Data extracted from a collection:
━━━━━━━━━━

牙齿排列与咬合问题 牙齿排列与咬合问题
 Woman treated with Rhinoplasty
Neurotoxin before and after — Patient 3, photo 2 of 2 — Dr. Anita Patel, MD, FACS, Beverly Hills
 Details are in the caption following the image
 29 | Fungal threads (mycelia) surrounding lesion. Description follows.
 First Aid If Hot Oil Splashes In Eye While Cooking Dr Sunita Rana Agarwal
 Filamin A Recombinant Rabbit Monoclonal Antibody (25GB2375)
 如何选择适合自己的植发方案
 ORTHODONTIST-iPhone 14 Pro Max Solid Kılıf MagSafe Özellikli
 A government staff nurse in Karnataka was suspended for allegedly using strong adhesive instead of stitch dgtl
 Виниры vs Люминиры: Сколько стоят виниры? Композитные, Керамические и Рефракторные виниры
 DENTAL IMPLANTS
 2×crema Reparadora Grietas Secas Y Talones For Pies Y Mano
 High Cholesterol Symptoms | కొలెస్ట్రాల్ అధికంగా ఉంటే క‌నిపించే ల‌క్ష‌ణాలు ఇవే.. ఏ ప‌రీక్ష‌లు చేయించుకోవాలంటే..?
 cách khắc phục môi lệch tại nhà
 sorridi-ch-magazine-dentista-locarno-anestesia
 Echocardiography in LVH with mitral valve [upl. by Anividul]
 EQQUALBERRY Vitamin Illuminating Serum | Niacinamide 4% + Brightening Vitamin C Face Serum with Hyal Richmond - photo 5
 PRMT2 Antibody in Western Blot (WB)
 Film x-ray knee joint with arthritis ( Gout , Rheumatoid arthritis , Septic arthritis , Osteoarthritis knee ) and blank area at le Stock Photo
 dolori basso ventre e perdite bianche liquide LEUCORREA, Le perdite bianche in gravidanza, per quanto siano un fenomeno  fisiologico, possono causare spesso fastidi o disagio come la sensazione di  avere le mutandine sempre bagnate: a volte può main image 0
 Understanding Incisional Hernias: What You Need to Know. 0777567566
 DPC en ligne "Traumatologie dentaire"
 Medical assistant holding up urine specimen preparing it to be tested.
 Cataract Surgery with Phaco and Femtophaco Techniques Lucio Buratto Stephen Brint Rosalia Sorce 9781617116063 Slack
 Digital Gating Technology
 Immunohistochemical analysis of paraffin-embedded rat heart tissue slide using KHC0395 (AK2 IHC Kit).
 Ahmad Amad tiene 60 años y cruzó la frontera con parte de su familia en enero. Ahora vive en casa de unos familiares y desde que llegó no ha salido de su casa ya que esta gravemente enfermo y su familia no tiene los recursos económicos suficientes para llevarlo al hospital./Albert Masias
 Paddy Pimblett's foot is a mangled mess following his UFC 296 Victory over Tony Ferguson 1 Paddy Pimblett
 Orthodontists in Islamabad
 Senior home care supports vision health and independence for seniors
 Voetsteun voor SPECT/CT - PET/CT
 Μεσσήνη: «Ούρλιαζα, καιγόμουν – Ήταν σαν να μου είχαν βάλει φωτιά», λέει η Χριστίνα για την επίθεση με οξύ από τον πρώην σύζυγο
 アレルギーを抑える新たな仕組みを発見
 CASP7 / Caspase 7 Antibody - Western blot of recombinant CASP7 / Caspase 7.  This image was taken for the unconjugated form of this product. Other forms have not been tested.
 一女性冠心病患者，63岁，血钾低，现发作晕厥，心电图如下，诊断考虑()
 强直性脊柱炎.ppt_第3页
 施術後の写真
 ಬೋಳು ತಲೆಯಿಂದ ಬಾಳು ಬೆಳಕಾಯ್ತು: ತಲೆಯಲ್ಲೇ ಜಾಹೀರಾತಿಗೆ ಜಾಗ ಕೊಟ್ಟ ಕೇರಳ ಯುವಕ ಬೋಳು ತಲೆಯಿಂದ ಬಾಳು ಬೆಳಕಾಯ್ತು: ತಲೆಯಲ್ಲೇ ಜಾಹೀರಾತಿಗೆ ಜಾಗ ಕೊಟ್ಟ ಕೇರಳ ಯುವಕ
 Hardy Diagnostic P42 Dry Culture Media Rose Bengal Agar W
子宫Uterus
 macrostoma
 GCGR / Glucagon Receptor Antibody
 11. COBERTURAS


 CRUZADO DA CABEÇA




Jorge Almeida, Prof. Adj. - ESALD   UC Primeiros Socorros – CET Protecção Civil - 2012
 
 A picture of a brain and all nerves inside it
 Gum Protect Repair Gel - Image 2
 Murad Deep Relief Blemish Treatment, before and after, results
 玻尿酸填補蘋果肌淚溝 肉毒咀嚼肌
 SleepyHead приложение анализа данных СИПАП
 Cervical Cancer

━━━━━━━━━━

**WORK TASK**. Going through the entries, return every line holding the word "following".

**OUTPUT BELOW**.
 Details are in the caption following the image
 Paddy Pimblett's foot is a mangled mess following his UFC 296 Victory over Tony Ferguson 1 Paddy Pimblett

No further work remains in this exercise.